More Canadians financially optimistic amid COVID-19, poll finds

VANCOUVER (NEWS 1130) – Despite lost jobs, stock market swings, and unprecedented government spending, it appears more of us are feeling financially optimistic about the year ahead.

The last few months have been the most volatile in memory for most of us, yet a new study from the Angus Reid Institute has found, for many of us, our outlook about our individual longterm financial well-being hasn’t taken a hit.

The outlook is actually sunnier than it was six months ago for about a quarter of us. Twenty-four-per-cent of respondents say they’re better off now than they were last year — a rising figure.

However, the data suggests about one-third of Canadians are worse off  than they were in 2019.

“Significantly, optimism, too, has risen,” the findings add. “The number who say they will be better off next year at this time has risen to 30 per cent, from 15 per cent at the end of 2018, and 21 per cent at the end of 2019.”

When it comes to why people are feeling negatively about their financial outlook, the Angus Reid Institute has found some of the pessimism among those feeling it is “correlated with their lack of confidence in the Trudeau government’s ability to prevent a deepening economic crisis in the coming weeks and months.”
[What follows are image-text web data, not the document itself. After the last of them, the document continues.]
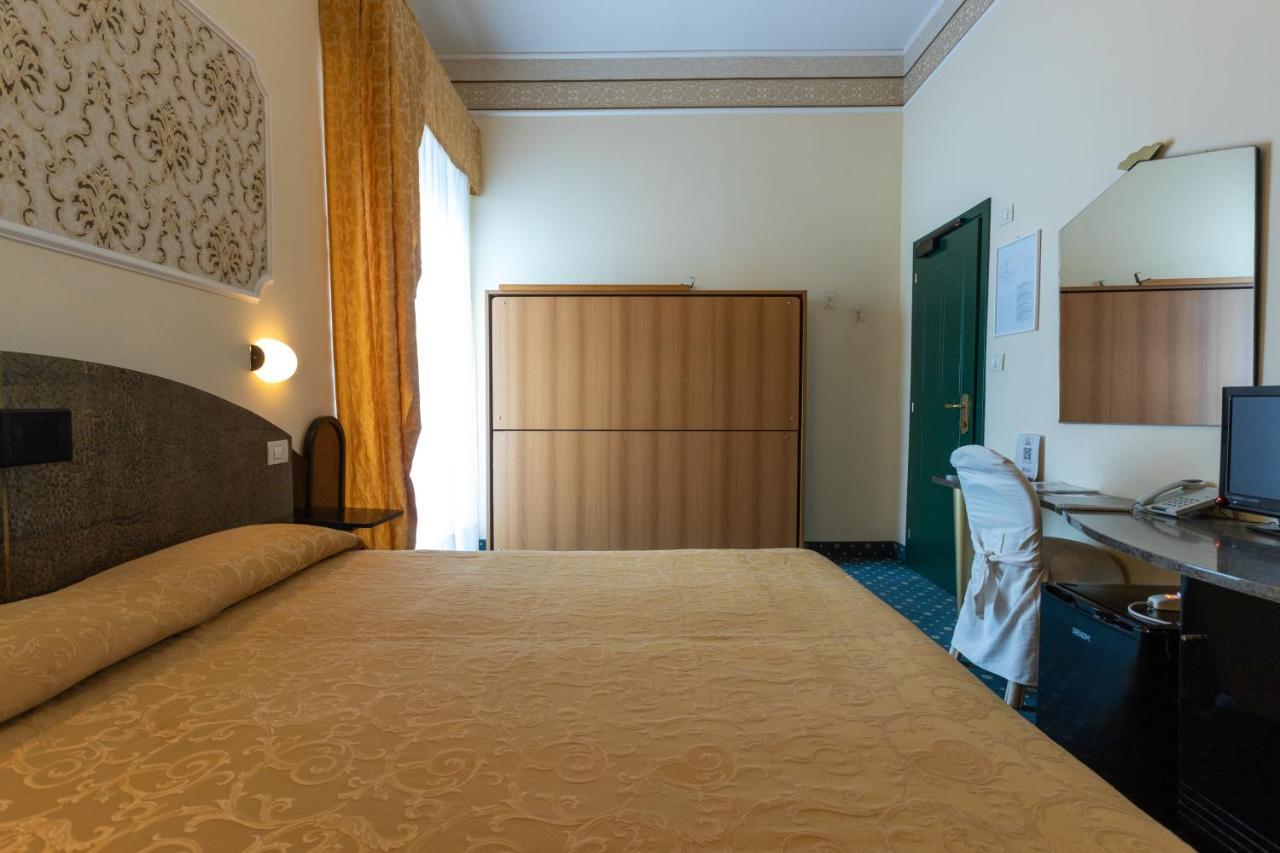River Fronte Mare Con Piscina Hotel 3*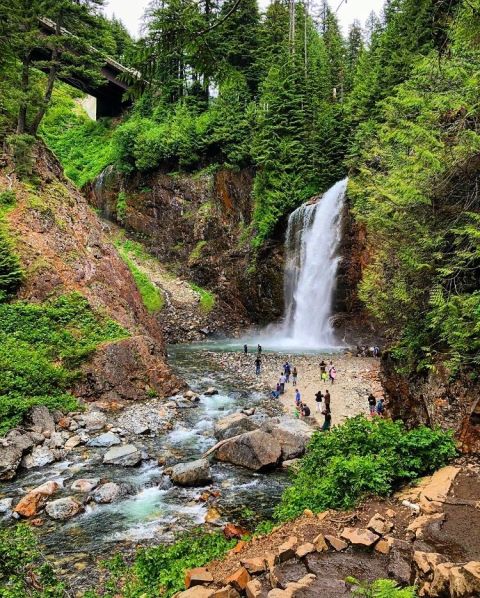 This Easy Fall Hike In Washington Is Only 2 Miles And You'll Love Every Step You Take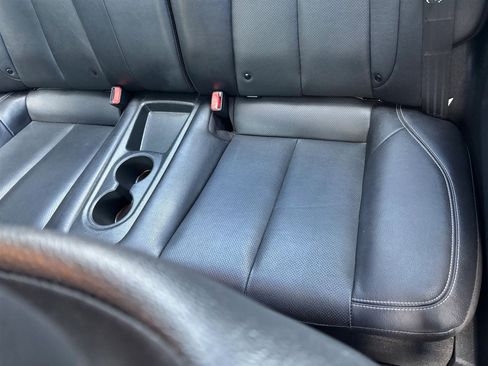 Used 2016 Hyundai Veloster Turbo image 11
More than half of respondents — 58 per cent — say they’re not confident in the prime minister’s ability to minimize the economic impact of COVID-19, but that number rises to 71 per cent when it comes to those who feel their finances will suffer over the course of the next year

Meanwhile, as the coronavirus pandemic continues, the research has also found just more than half of Canadians — 51 per cent — are more worried about the risk of more people contracting COVID-19, while the other half say “their primary concern is the risk of further economic harm.”

Healthcare, the economy, and the country’s COVID-19 response are among the issues that are top of mind for Canadians right now.